From the first time you put a leash on your dog, you should begin training. If you tolerate bad behavior on the leash early on, your dog will think it is appropriate and continue doing it. Not allowing them to pull from the get-go can make the rest of your leash training much easier. Otherwise you might end up with a 170 pound dog dragging you down the sidewalk. Allowing this to happen can be dangerous, because an out of control dog can end up injuring itself or others by accident.

Dogs learn best through positive reinforcement. For this reason, it is important for you to keep the entire experience a positive one from start to finish. Yelling and jerking the leash around will not give you the results you desire. Keeping things happy will ensure that you have a happy dog on the end of your leash when they are full grown. Fear is never an effective means to train your dog.

You have to be clear with your dog when showing them what is okay behavior, and what is inappropriate. The key to this is by being consistent. Allowing your dog to pull you sometimes and not others sends your pooch mixed messages, as to what exactly they should be doing. Your dog is happiest when they know what you expect of them so that they can please you.

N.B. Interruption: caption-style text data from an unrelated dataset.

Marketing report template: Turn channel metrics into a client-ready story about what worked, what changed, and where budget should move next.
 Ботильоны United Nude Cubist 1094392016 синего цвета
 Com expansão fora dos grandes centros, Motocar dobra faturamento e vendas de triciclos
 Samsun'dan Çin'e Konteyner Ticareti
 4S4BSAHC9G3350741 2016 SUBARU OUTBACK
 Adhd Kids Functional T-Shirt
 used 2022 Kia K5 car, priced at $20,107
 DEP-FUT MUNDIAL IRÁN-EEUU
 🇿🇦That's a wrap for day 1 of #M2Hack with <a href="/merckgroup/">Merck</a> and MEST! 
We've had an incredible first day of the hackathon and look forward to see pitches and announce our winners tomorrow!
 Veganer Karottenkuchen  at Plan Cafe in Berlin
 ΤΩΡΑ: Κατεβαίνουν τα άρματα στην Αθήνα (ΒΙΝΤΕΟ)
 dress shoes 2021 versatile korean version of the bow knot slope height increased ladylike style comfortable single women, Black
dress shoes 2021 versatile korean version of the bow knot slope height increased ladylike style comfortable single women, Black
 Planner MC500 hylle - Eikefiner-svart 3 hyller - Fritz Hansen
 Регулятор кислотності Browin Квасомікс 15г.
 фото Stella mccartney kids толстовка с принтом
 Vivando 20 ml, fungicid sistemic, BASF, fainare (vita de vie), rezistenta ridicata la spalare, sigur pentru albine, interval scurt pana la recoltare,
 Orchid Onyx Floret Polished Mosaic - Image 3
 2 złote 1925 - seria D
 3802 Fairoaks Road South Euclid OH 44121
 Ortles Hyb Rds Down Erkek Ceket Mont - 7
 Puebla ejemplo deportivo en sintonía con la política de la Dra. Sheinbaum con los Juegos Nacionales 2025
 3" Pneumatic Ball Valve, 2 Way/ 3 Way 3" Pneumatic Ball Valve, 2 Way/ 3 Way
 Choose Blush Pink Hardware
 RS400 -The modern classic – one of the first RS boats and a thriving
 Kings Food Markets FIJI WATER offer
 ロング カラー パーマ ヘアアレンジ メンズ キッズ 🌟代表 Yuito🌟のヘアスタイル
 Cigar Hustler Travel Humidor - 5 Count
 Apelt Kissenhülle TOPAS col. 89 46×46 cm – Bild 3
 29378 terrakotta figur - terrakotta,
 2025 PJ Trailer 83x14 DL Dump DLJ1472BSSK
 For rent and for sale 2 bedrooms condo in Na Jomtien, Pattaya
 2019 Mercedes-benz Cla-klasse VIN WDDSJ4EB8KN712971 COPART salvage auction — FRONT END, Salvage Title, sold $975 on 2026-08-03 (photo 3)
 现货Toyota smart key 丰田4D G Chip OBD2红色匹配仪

A technique that many dog owners find useful when training their dog to walk on a leash, is by using the crazy-walk method. Instead of walking in a standard straight line, keep your dog on their “paws” by going around objects like telephone poles, signs and any other obstacles that you come across. Eventually your dog will understand that you are leading and know the way, not them. This will cause them to stick close to you, because they are never sure what you are going to do next.

Another very effective method is known as “reversing”. Reversing involves abruptly switching directions as soon as your dog begins to pull on their leash. Much like the “zig-zag” method, this helps to reinforce to your dog that you are in charge of the walk. Eventually your dog will learn not to pull you and will walk next to you instead.

It is important to make sure that your dog can behave themselves on a leash. This will make things much easier for you when you are out walking your dog, or simply want to take them out to a public place.